Thursday, May 9, 2013

Author Chat Friday: Even more Questions Authors Can't Stand!

Yes, that's right, I'm back for another week, with another three questions authors can't stand being asked. This week's three doozies come from the lovely Maggie Nash, a fellow Australian author. So, let's discuss these questions, shall we?

When are you going to write a real book?
In today's world of technology, the ebook is the fastest way for a reader to get the story they want; they don't even have to leave the house! So why is it that only print is still considered a "real" book? 
Now, don't get me wrong; I still prefer print over digital for reading pleasure. That's just me; I like my books "old school". I love the smell of paper. However, not all stories are long enough to be a stand-alone print story; that is nothing to do with the author, it is just simply the case sometimes. Some stories truly are only short. And in a world where digital publishing is so popular, why must a short story still be only published in an anthology? There is nothing wrong with a short story being publishing as a stand-alone, digital copy. It gets its own attention, its own promotions; it doesn't fight with several other stories in an anthology, it shines by itself. 
So before you ask an author who publishes primarily shorter stories, or publishes only online, ask yourself; why should a short story have to fight for your attention just so you can hold a "real" book in your hands?
I also would like to mention that "real books" are more expensive to produce, with very little of the money ending up in the author's hands because of the price of printing and distributing. It is not the author or publisher denying the reader the chance to read a "real book" these days; it is the distributors and book stores who take most of the profit that are making it too costly for books that aren't already extremely popular to go to print. Zetta Brown has written a fantastic post on just this particular issue on her blog She Writes. I encourage you to check it out to see that it's not all easy for an author and publisher to get a book in to being "real". Authors need their paychecks too!

Oh, you write THOSE books!
Is that a problem? In a world where women are more free to indulge in their sexuality (I'm not saying all women are promiscuous, we're just finally able to be the sexual beings we've always meant to be), it is a shame that people still frown on THOSE books. There is an audience for everything, I've always said. Single women, women in relationships, mothers, working women, all types of women (and even some men!) enjoy these books. So if someone has a problem with THOSE books, then you're obviously not part of the audience authors of THOSE books are writing for; instead of trying to belittle the authors of THOSE books, congratulate them on having an imagination, and stick with the books you enjoy. There are audiences for everything; just because you're not part of all those audiences, doesn't mean that certain subjects shouldn't be written about. 
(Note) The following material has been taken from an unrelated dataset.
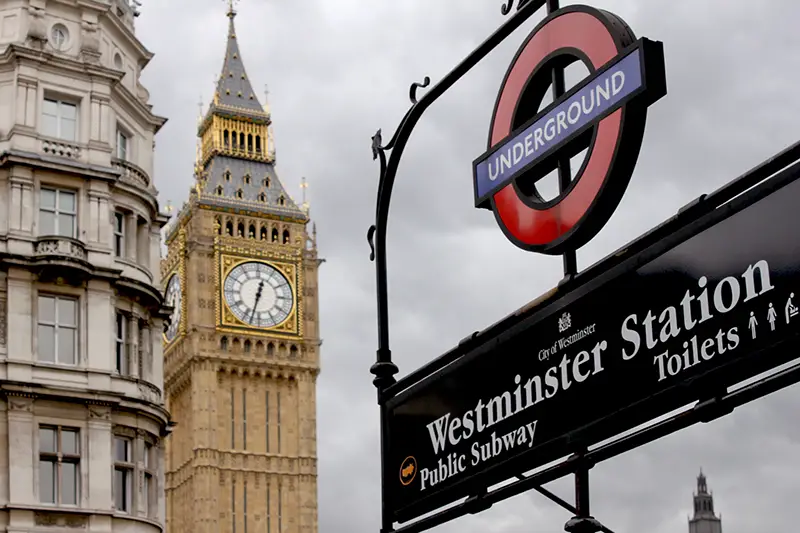 Big Ben structure near white concrete structure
Do people still read bodice rippers?
Personally, that term makes me cringe. But that's more because it strikes a painful image of a poor, defenceless renaissance style dress being torn to shreds, damaged beyond repair. For other authors, it can seem a derogatory term. 
As I said in answer to the previous question; there is an audience for everything, and just because you aren't part of all those audiences, doesn't mean that, in this case, those audiences don't exist. 
To actually answer the question: yes. Plenty of people do still read "bodice rippers." Just google search "Popular Erotic Romance novels" and you will find multiple Top 10 lists, "Must Read Erotic Novels" lists, and several places that suggest what to read after 50 Shades of Grey. Gone are the days of hiding Mills and Boons books because they were THOSE books; women are now boldly reading these books on the train/bus on the way to work, discussing the books over coffee and lending them to family members. As much as I personally don't like 50 Shades of Grey, I will admit that it has been a considerable help in getting erotica and erotic romance novels out of the "taboo" list, and in to the "socially acceptable" list. Heck, that book is getting a movie! So yes, not only are people still reading 'bodice rippers,' THOSE books are rapidly becoming even more popular and socially acceptable. With Mother's Day in Australia coming up this Sunday, stores are listing 50 Shades of Grey and several other of THOSE books as "Great Ideas for Mum!" in catalogues. So please, don't act puritan and innocent. There are audiences for everything, and just because you aren't part of it, doesn't mean there isn't a call for it. 

I think next month might be my last of the questions, unless readers out there have any to suggest, or any other authors have some to suggest. I have some research to do for one of the questions for the next one, so until then, please think before you ask, because you never know if the question might be something the author could consider offensive or rude!